■ Task to complete ■
Dropping every picture, set down exactly the lines in the entries below, starting with the line with "Engine Oil Pump" and going on through the line with "Tubeless Valves Muc-Off".

■ Given entries ■

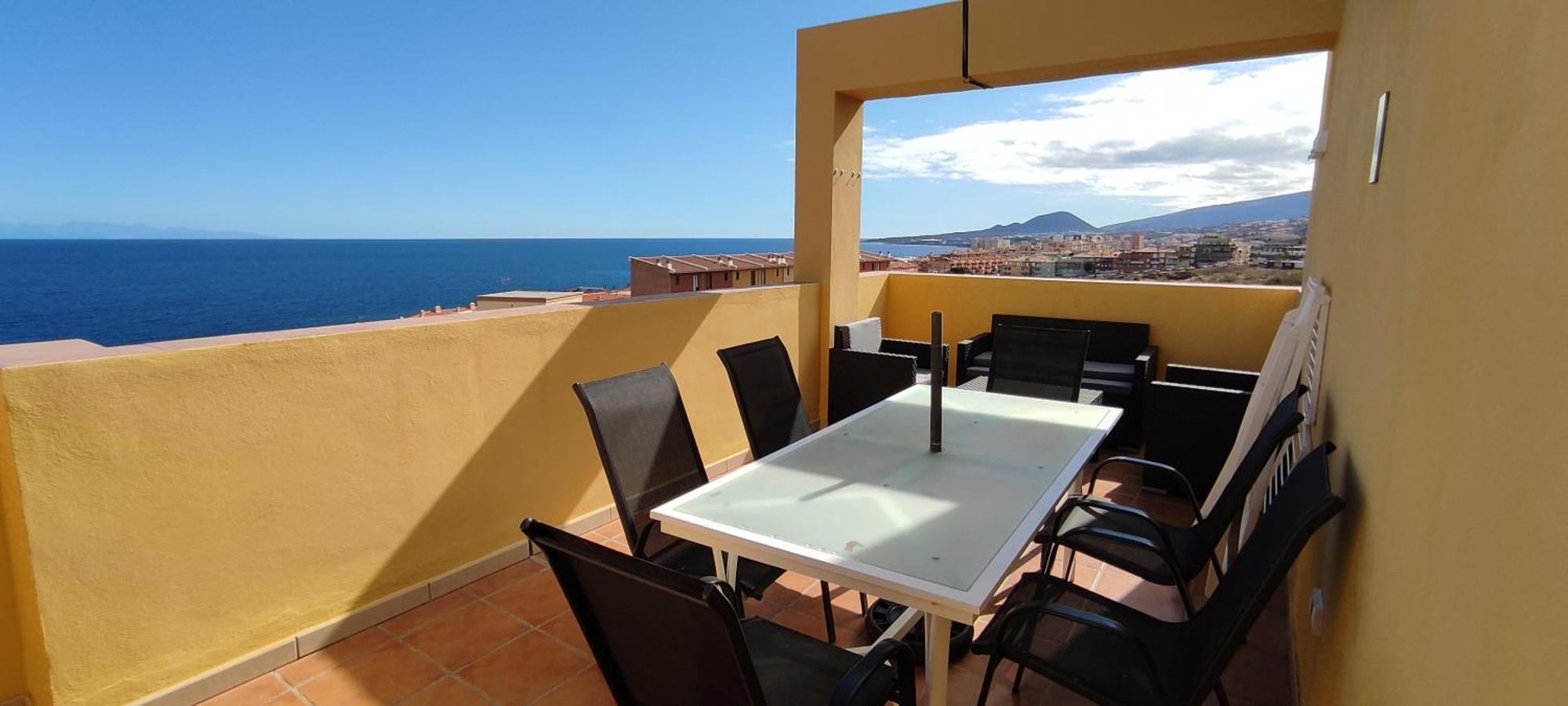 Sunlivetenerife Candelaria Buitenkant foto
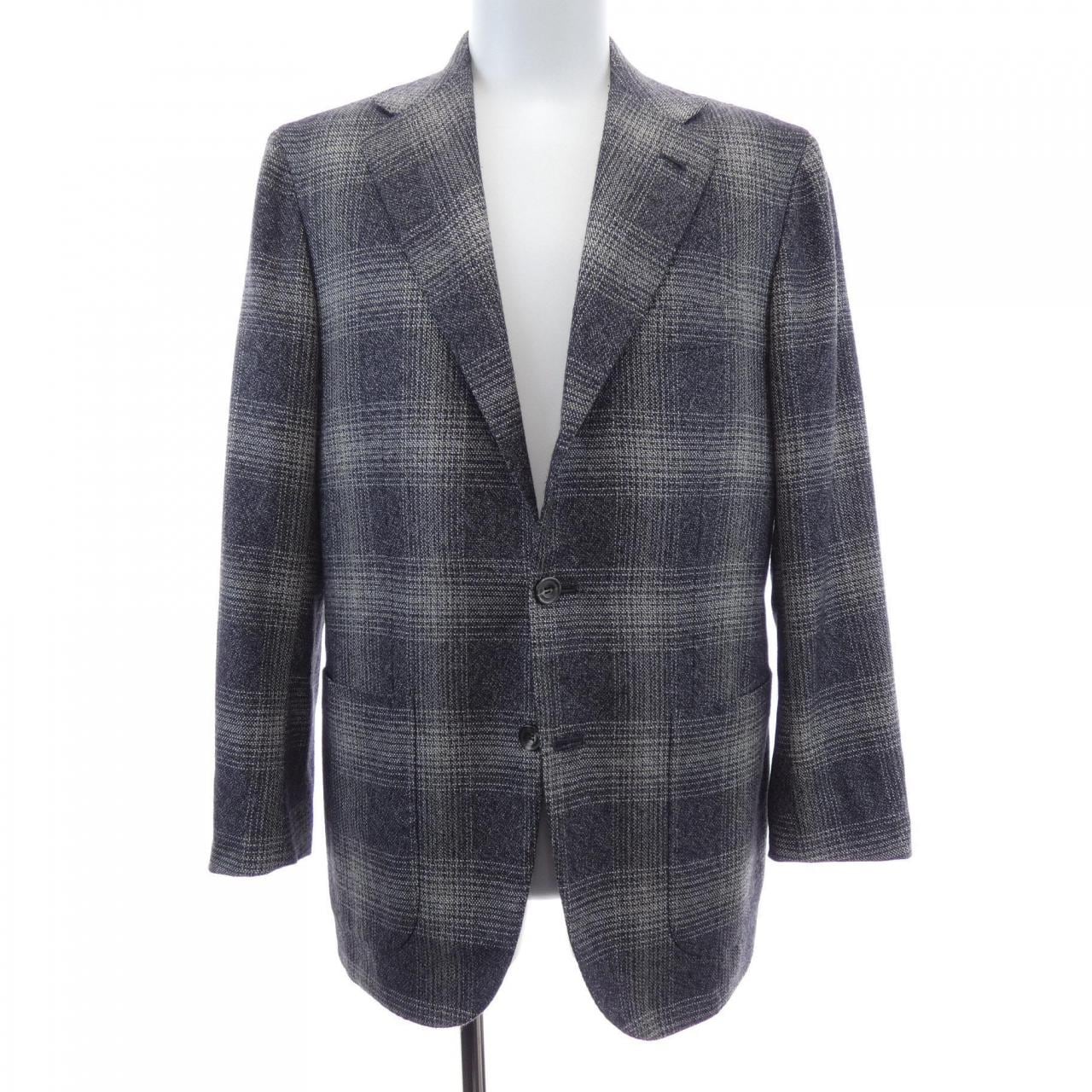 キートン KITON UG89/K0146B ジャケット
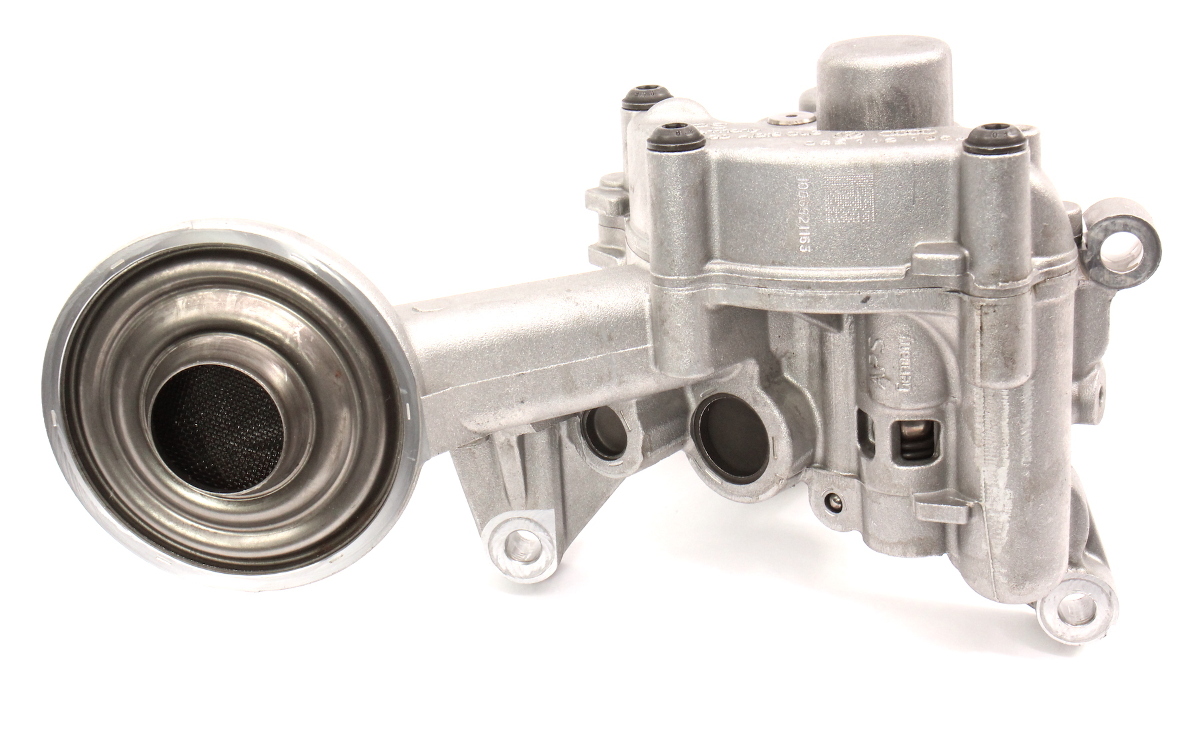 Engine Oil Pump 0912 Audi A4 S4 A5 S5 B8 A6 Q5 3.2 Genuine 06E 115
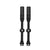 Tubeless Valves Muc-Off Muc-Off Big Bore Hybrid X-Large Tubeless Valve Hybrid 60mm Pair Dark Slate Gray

---

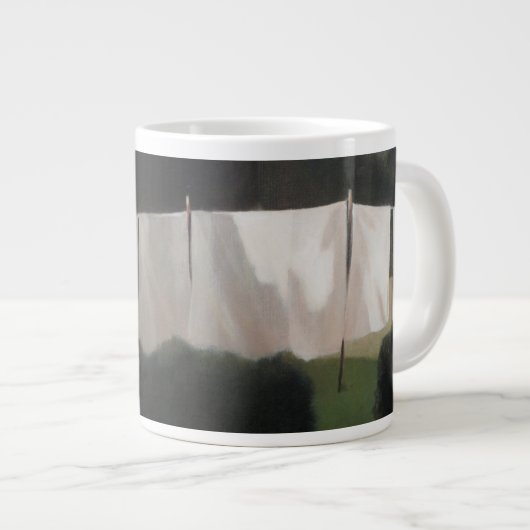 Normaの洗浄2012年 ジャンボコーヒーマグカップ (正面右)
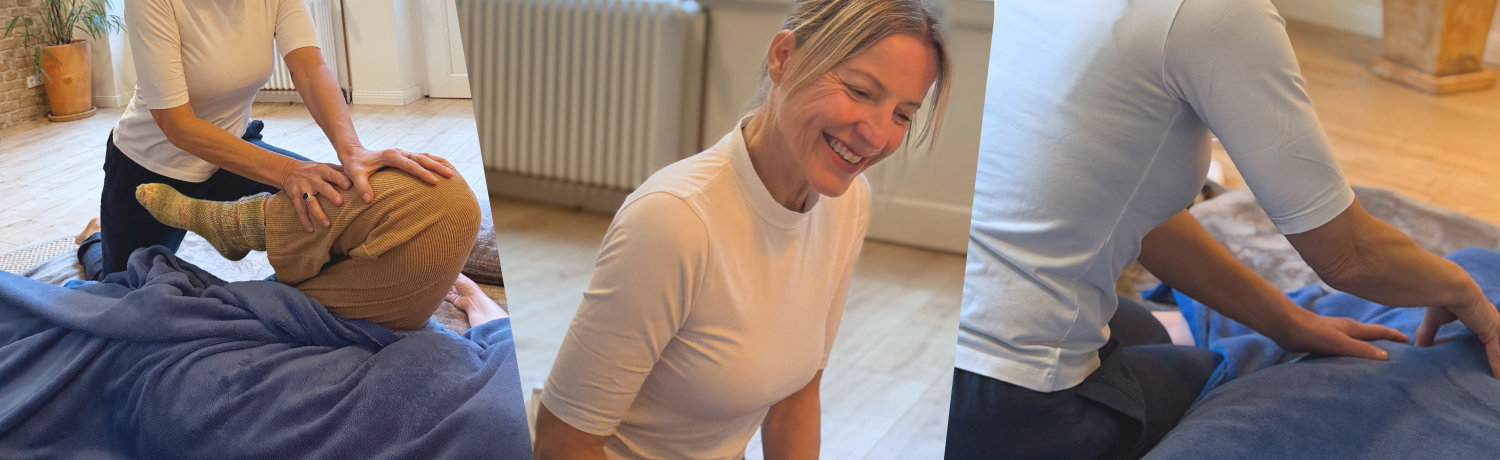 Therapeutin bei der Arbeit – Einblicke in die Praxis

■ Response to the exercise ■
 Engine Oil Pump 0912 Audi A4 S4 A5 S5 B8 A6 Q5 3.2 Genuine 06E 115
 Tubeless Valves Muc-Off Muc-Off Big Bore Hybrid X-Large Tubeless Valve Hybrid 60mm Pair Dark Slate Gray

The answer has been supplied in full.